Data shown
══════════
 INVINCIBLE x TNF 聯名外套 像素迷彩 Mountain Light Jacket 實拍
══════════
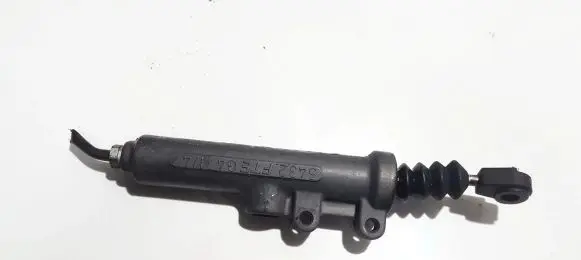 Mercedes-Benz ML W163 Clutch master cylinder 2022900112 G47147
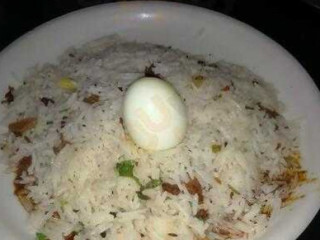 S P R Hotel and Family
══════════
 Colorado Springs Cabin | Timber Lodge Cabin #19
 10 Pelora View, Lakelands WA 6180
══════════
Task item
Beginning at the line above that contains "Mercedes-Benz ML W163" and going on through the line that contains "S P R Hotel and Family", please copy every line exactly, leaving the pictures out and adding nothing.

Solution for this task
 Mercedes-Benz ML W163 Clutch master cylinder 2022900112 G47147
 S P R Hotel and Family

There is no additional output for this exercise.